幸い使い慣れているので、何度か立ち止まって周囲の状況を確認し、安全な場所まで奇術を使って移動してを繰り返せばいいだけのことなので、特に問題はない。
石突をカツンッと地面に突いて周囲の状況を今一度確認する。
昔から変わらない……という場所は一つもなく、城壁、家屋、屋台、冒険者の防具や往来する人々の服まで様変わりしているように思えるた。
時代の流れとはすごい物だと感心しながら、目的の馬を探すためにそれらしいところへと足を向けた。
何百年も馬について学んでいたので、国のどこら辺に馬がいるのかはなんとなく分かるようになっている。

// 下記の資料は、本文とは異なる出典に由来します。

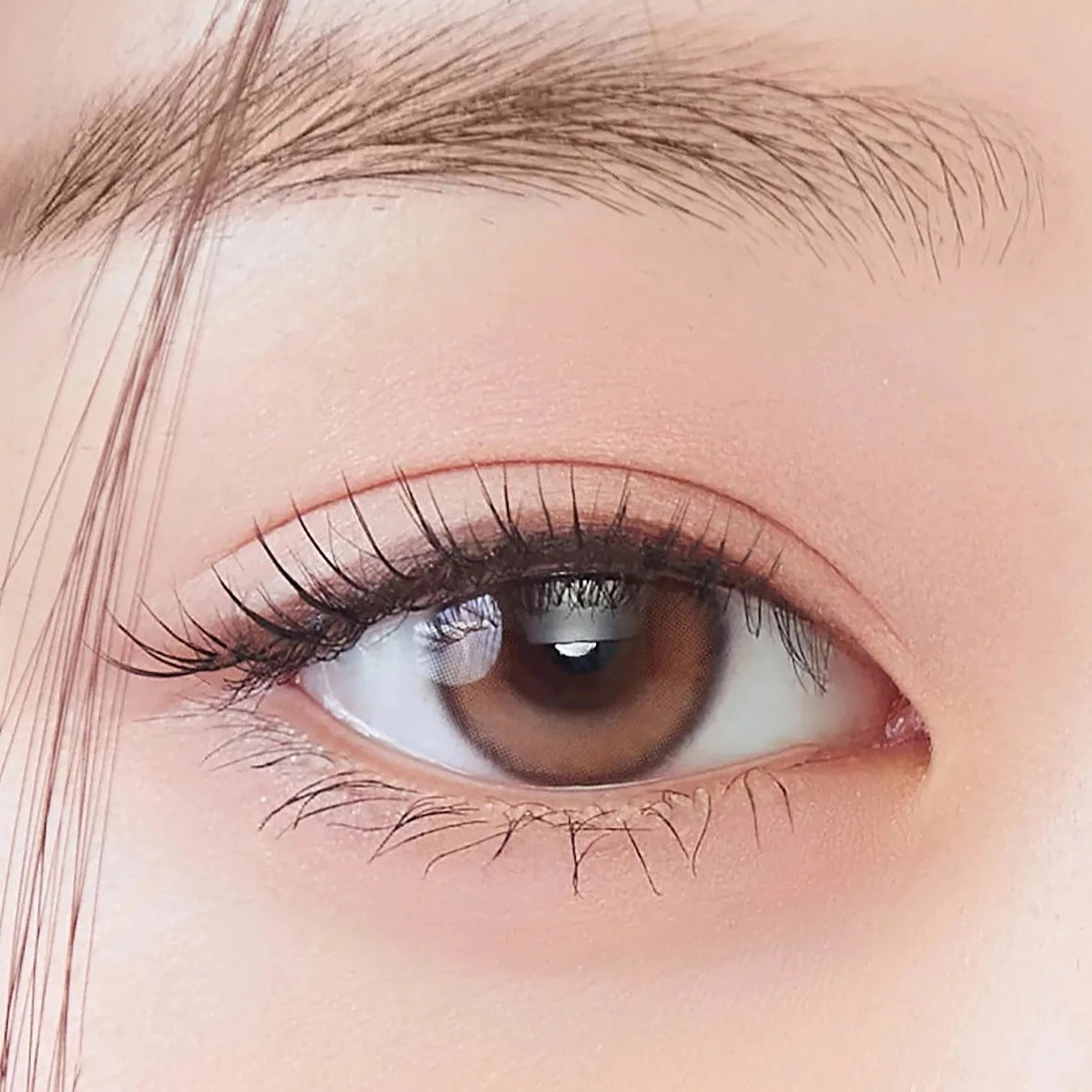 Hapa Kristin Dewy Kristin Brown (DAILY/10P) - MASHED POTATO UK | Colour Contact Lens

臭いがきつい、ということも多々あるようで、大体は大通りや住宅街から離れた場所にあるはずだ。
しばらく歩いていくと、予想通り馬小屋が点在していた。
この辺は預り所のようで、購入を目的としている西形には興味こそそそられるが必要のない場所だ。
すぐに立ち去ろうとしたところで、何か妙な視線を感じた。
「……ん?」
その方向に目線を向けるが、特に何かがいるわけではなかった。
馬がこちらを興味深そうに見ているだけで、変わった様子は微塵もない。
気のせいかと思って再び歩きだす。
もし何かあっても、この世界の人間であれば取るに足らない程度の雑魚だろうとしか思っていなかった。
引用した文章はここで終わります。